-- TASK --
Transcribe each line below verbatim; pictures excluded.

(Image-text web data)
——————————

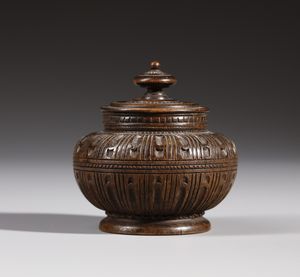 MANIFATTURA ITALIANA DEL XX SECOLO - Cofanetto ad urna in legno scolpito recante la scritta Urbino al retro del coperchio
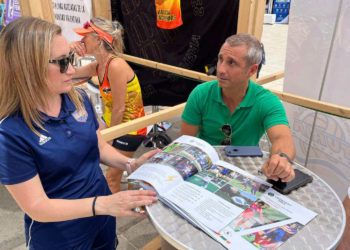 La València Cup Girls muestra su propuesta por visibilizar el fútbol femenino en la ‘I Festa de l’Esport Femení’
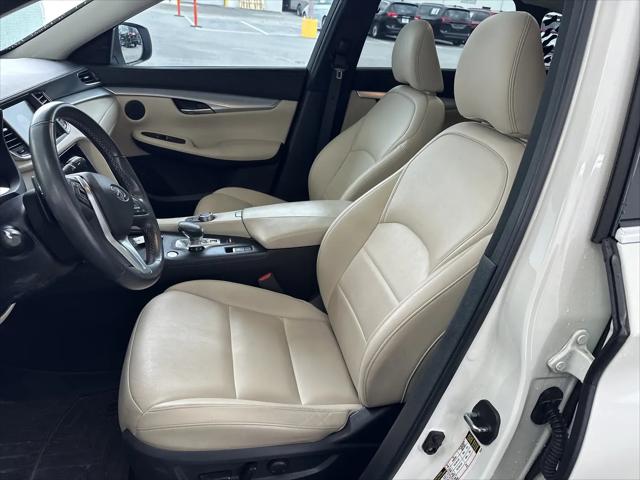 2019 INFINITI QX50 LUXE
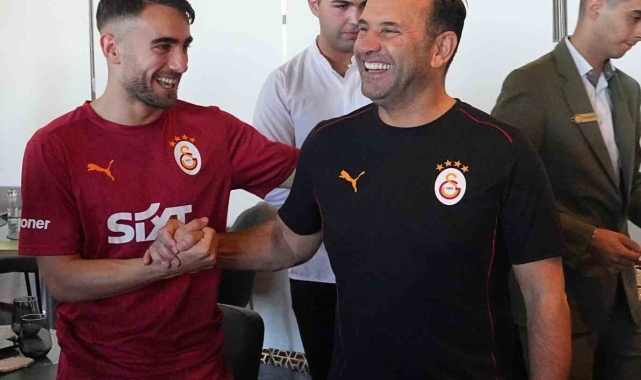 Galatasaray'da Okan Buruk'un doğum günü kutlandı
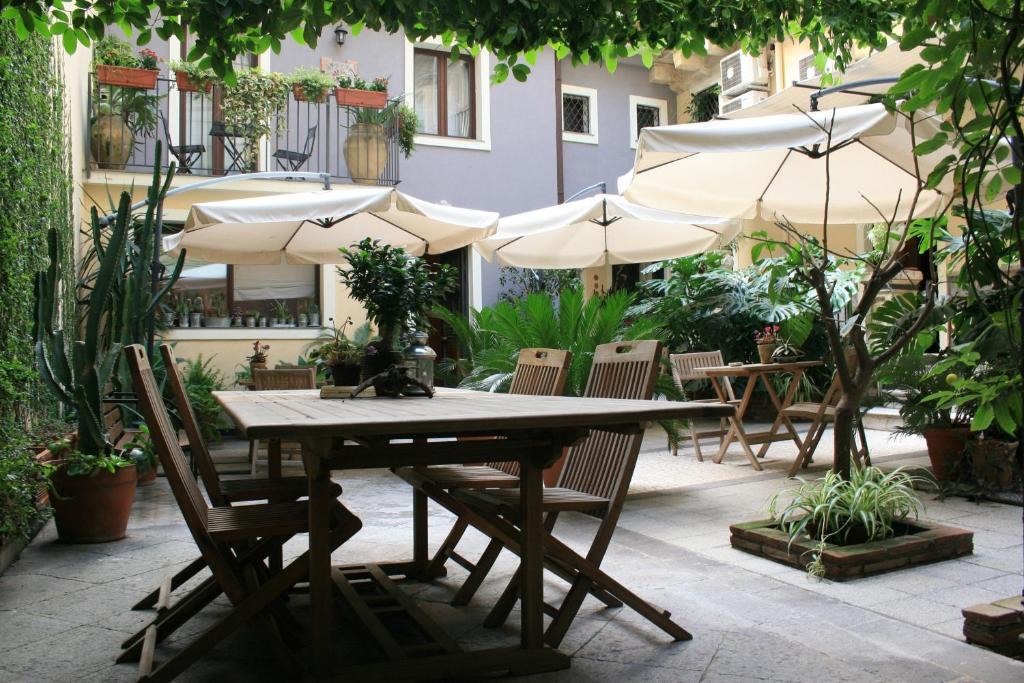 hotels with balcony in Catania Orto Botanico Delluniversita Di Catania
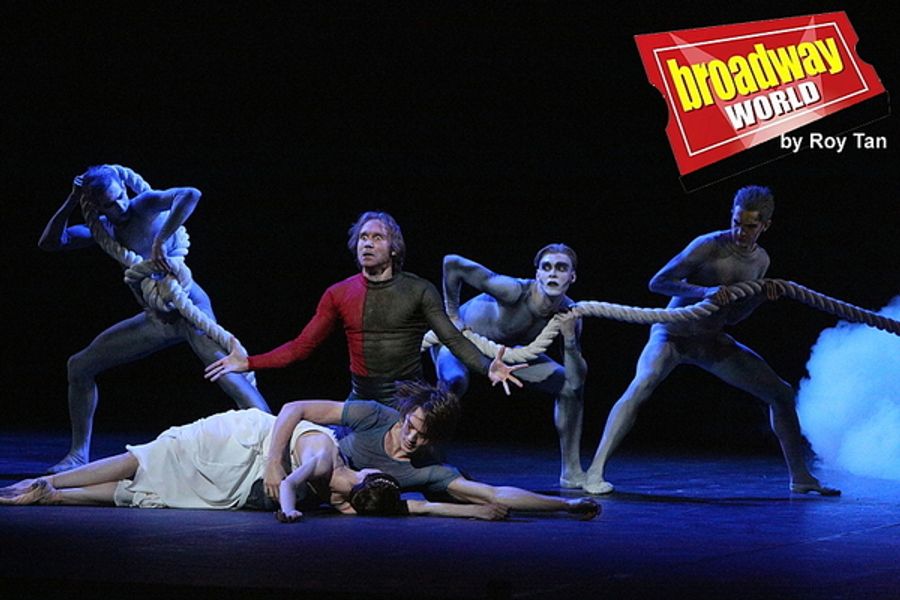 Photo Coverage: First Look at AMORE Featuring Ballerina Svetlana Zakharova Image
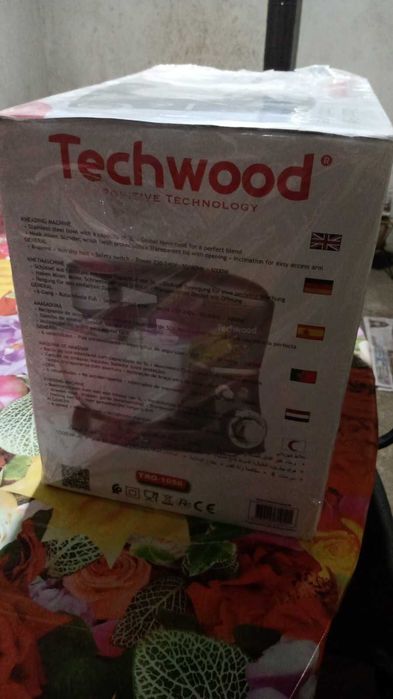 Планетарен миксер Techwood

——————————

-- RESPONSE TO THIS EXERCISE --
 MANIFATTURA ITALIANA DEL XX SECOLO - Cofanetto ad urna in legno scolpito recante la scritta Urbino al retro del coperchio
 La València Cup Girls muestra su propuesta por visibilizar el fútbol femenino en la ‘I Festa de l’Esport Femení’
 2019 INFINITI QX50 LUXE
 Galatasaray'da Okan Buruk'un doğum günü kutlandı
 hotels with balcony in Catania Orto Botanico Delluniversita Di Catania
 Photo Coverage: First Look at AMORE Featuring Ballerina Svetlana Zakharova Image
 Планетарен миксер Techwood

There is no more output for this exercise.